# Bolero 722FB 2013 vs 2015



## Dazcooper (Jan 27, 2013)

Hi guys we are currently trying to decide between a 2013 swift bolero 722 FB and a new 2015 722FB , can anybody outline the main difference between the 2 , and is it really worth the extra for the 2015 model.

Thanks Darren


----------



## User1 (Apr 13, 2012)

Don't think I would bother with either. We have a 2012 version and have had lots of problems. Dealer has been terrible with repairs and you finish up doing the minor ones yourself. The blind over the front cab sags if you leave it down and you have to very carefully work it back up. Panel fit on the outside is taken care of with loads of goo. They put a lot in them which I think is the attraction. Gas locker only holds 6 kg bottles and with the heating on you can get through one in a weekend. Don't fit an auto changeover valve as you can run out of gas without knowning. Ours is over the 3.5 ton limit so if you start looking for breakdown cover it seems that its only available from the clubs. AA and RAC have a limit of 3.5 Tons. Fiat Assist are ok but you cannot renew it when it runs out.

Lots of others out there that are far better. May not have all the bells and whistles but are far better put together.


----------



## bognormike (May 10, 2005)

don't worry about the 3.5 ton limit for breakdown cover, there are lots of companies that do cover vans over 3.5 tons as part of the general insurance, no restrictions on weight or size. Comfort / MHF for instance. It's a no-brainer in the last few years to get it with the main insurance; I've saved by having the cover rather than paying separate RAC Arrival (C&CC) cover. Licence / age restrictions are more of a problem for larger vans. 

as for the quality / value, other owners may well come back with details.


----------



## siggie (Oct 2, 2010)

Just remember that Swift are one of the (if not THE) biggest manufacturers of UK sold motorhomes, so you are bound to hear stories of problems with them. I am sure that percentage-wise Swift have a very similar number of problems as most other manufacturers for the price range they sell at.

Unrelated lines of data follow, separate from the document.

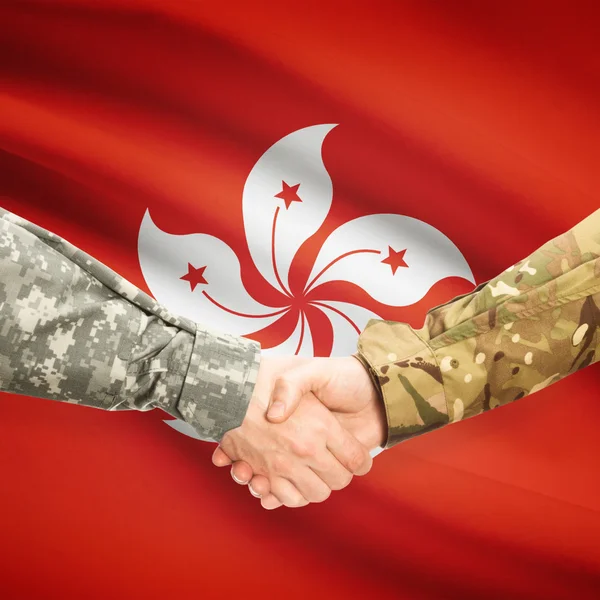 Men in uniform shaking hands with flag on background - Hong Kong — Stock Photo, Image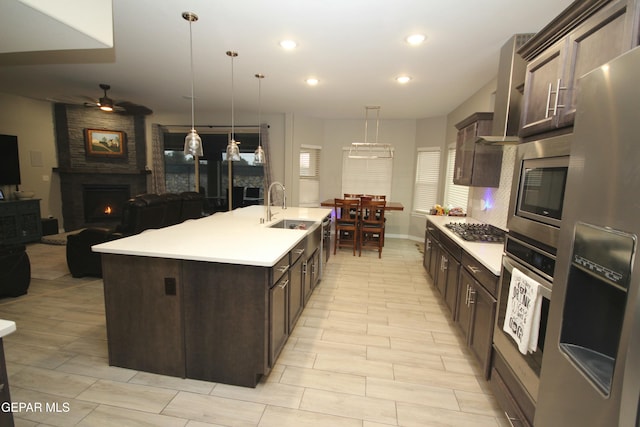 kitchen featuring sink, decorative light fixtures, ceiling fan, a kitchen island with sink, and appliances with stainless steel finishes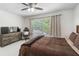 Bedroom featuring a ceiling fan, a window with blinds, and a comfortable bed at 5915 43Rd E Ct, Bradenton, FL 34203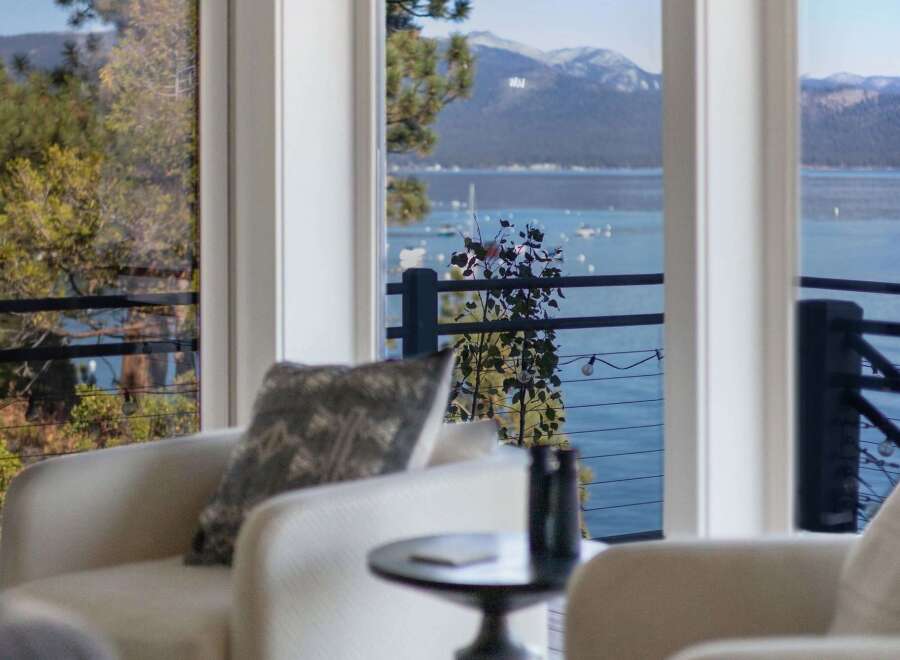 Experience breathtaking lake and mountain views from this stunning property.
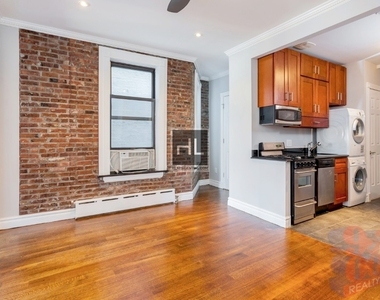 E 18th St. - Photo Thumbnail 2
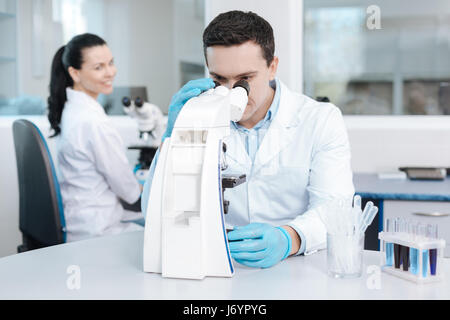 Molto attento assistente di laboratorio che guarda nel microscopio Foto Stock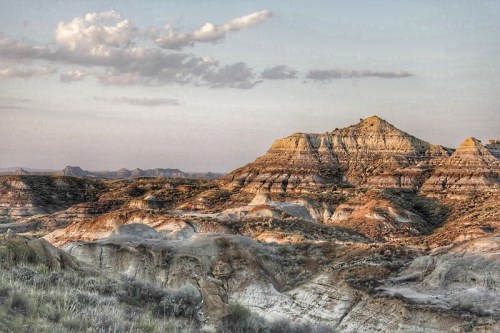 A scenic view of layered rock formations and hills under a soft sky with scattered clouds.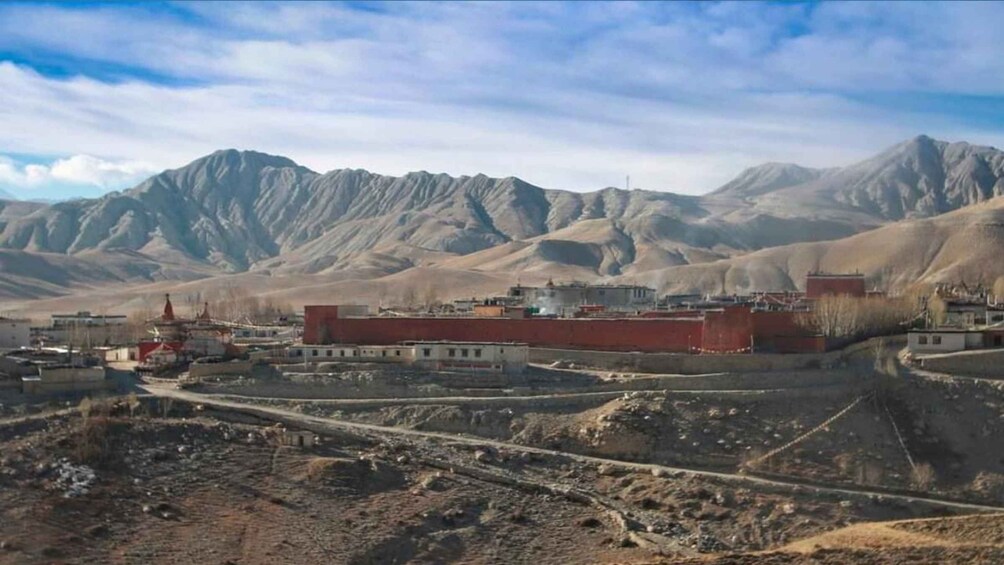 A mountainous landscape with a monastery complex. 2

Secondly, people that have had problems are far, far more likely to bitch and moan about them than satisfied customers are to praise them.

To answer the OP's question, the biggest difference between 2013 and 2015 models is the way they are built. 2013 bodies are effectively made from wood whereas 2015 use SMART technology construction (see here). A few other additions over previous years models include a 60W solar panel, LED lights over the lockers, gas BBQ point, DRL's, etc - see the Swift website for the full spec.


----------



## Sideways86 (Feb 25, 2009)

I think Swift for what they are and include are very high spec motorhomes. I would go for the later one because of wet heating and modern designs inside trim and lighting etc.

I had a 62 plate with the uprated engine and it drove superbly. I now have a Kontiki Black edition

They also have swift talk which I cant praise highly enough.


----------